Leave out every picture, and output exactly the lines from the line containing "HOMCOM Estantería Librería" through the last line of the data.

§ **Available data**:
• • • •

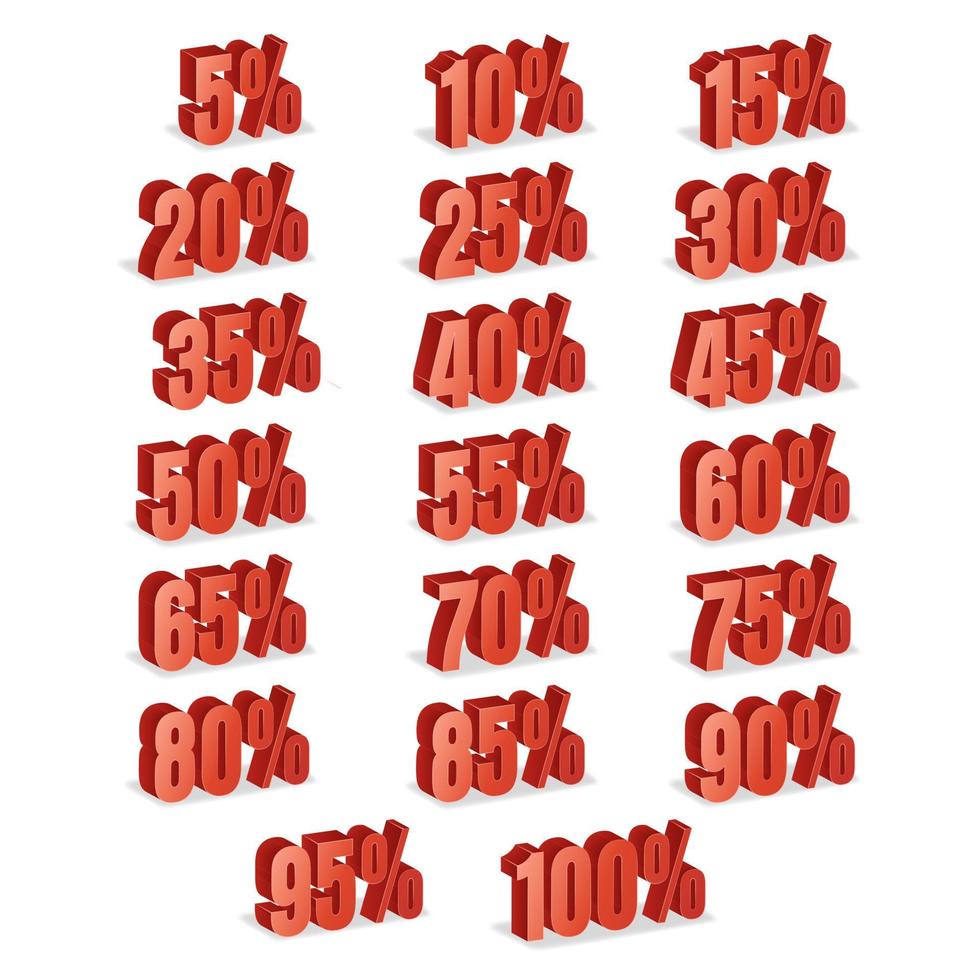 desconto números vetor 3d. ícone de porcentagem de venda vermelha definido em estilo 3d isolado no fundo branco. 10% de desconto, 15% de desconto e 20% de desconto na ilustração de desconto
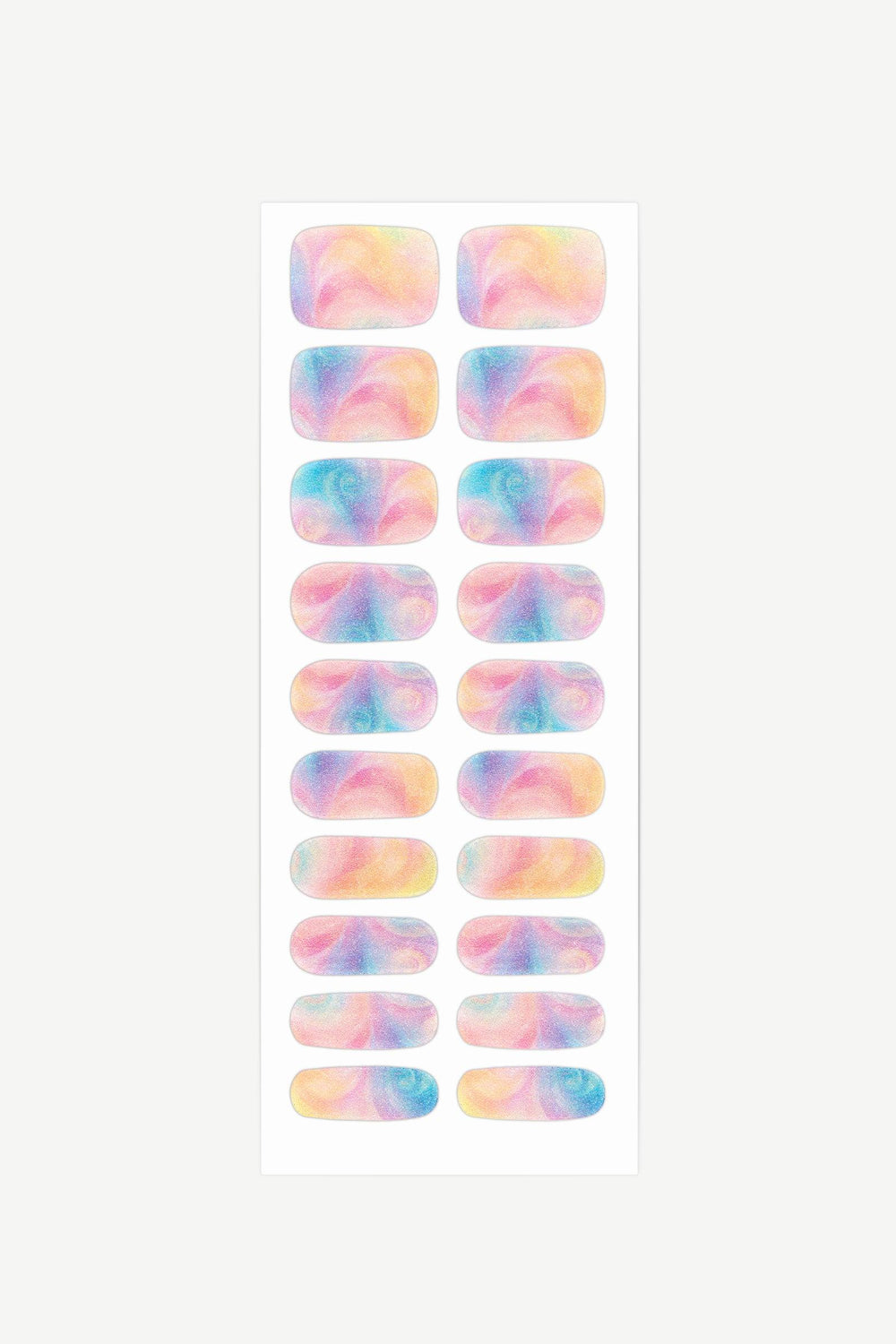 Sheet of pastel marble gel nail wraps featuring pink, blue, lilac, and peach swirls with iridescent shimmer and glossy shine.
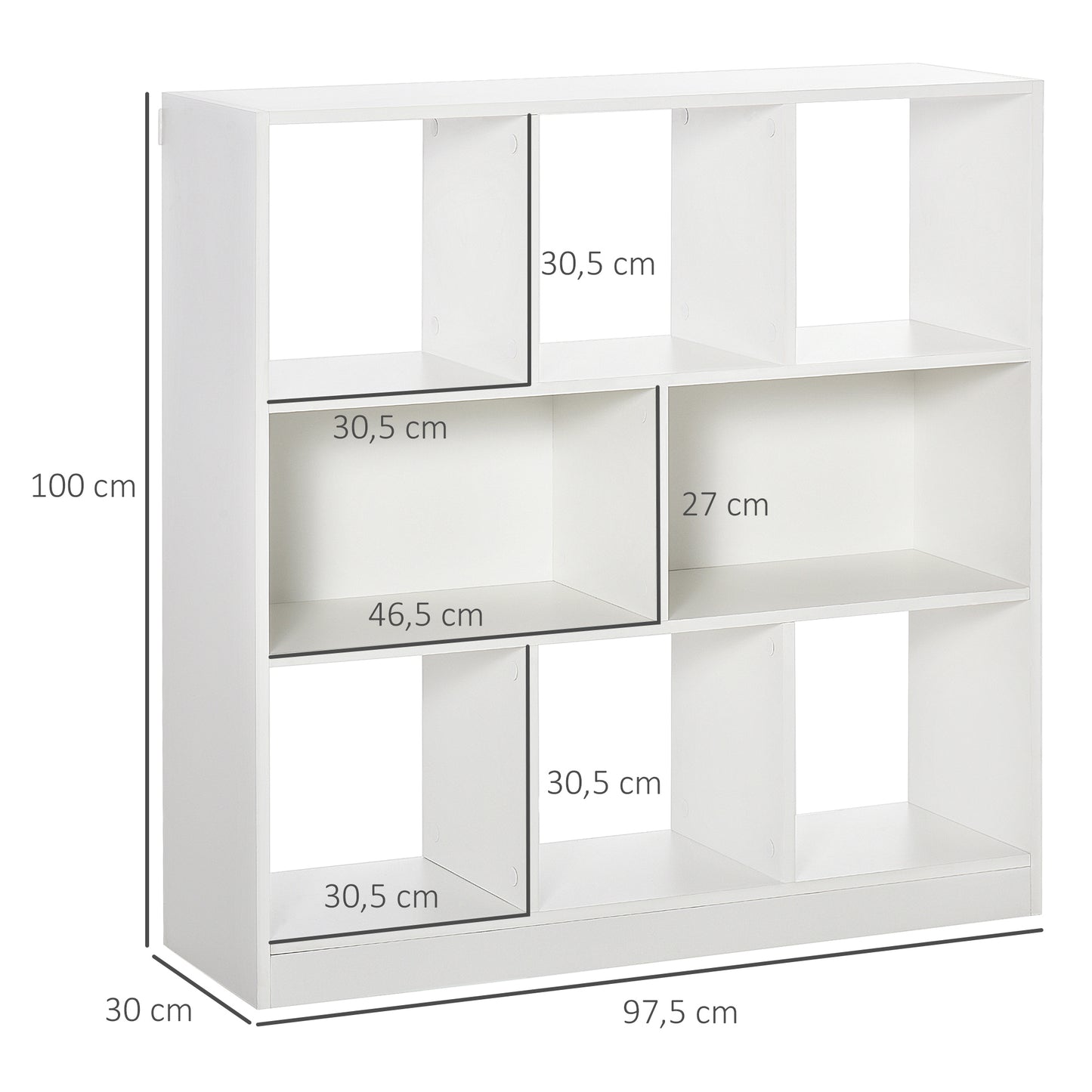 HOMCOM Estantería Librería con 8 Compartimentos Estantería de Exposición Librería Moderno para Sala de Estar Dormitorio Oficina 97,5x30x100 cm Blanco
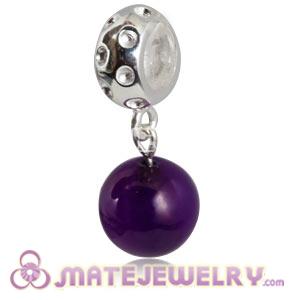 Sterling Silver European Dangle Charms Purple Agaate Beads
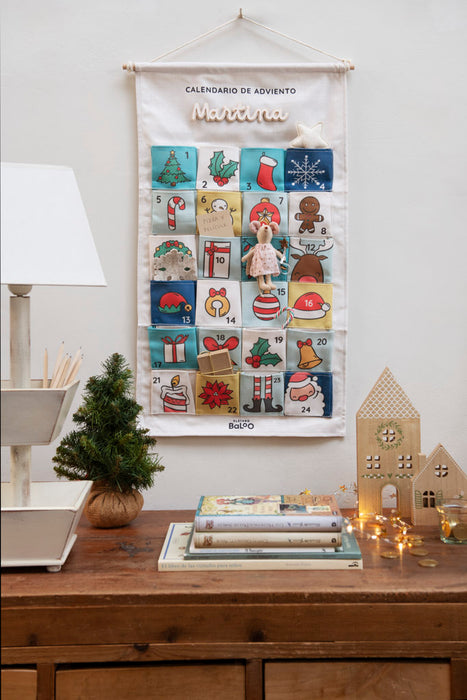 Calendario de adviento de tela personalizado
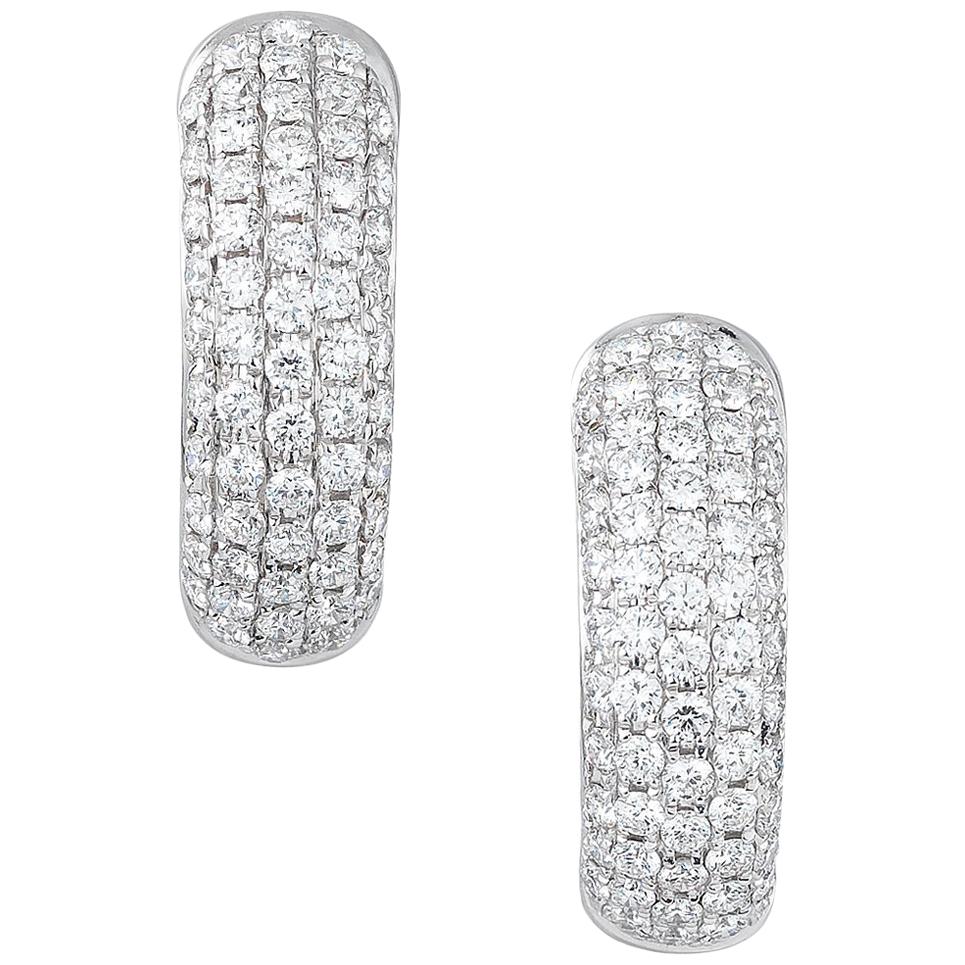 Pave White Gold Diamond Huggie Earrings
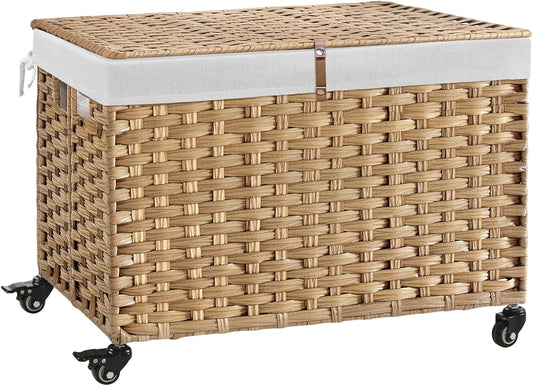 Rolling Storage Basket with Lid, 47.6 Gallon (180L) Storage Bin with Wheels, Woven Rattan Blanket Storage Basket with Handles, Foldable, Metal Frame, Removable Liner for Bedroom, Laundry Room, Natural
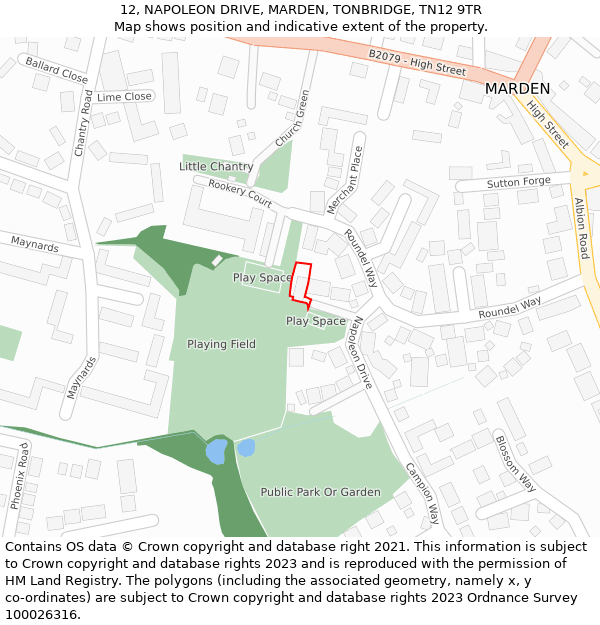 12, NAPOLEON DRIVE, MARDEN, TONBRIDGE, TN12 9TR: Location map and indicative extent of plot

• • • •

§ **Exercise result**:
 HOMCOM Estantería Librería con 8 Compartimentos Estantería de Exposición Librería Moderno para Sala de Estar Dormitorio Oficina 97,5x30x100 cm Blanco
 Sterling Silver European Dangle Charms Purple Agaate Beads
 Calendario de adviento de tela personalizado
 Pave White Gold Diamond Huggie Earrings
 Rolling Storage Basket with Lid, 47.6 Gallon (180L) Storage Bin with Wheels, Woven Rattan Blanket Storage Basket with Handles, Foldable, Metal Frame, Removable Liner for Bedroom, Laundry Room, Natural
 12, NAPOLEON DRIVE, MARDEN, TONBRIDGE, TN12 9TR: Location map and indicative extent of plot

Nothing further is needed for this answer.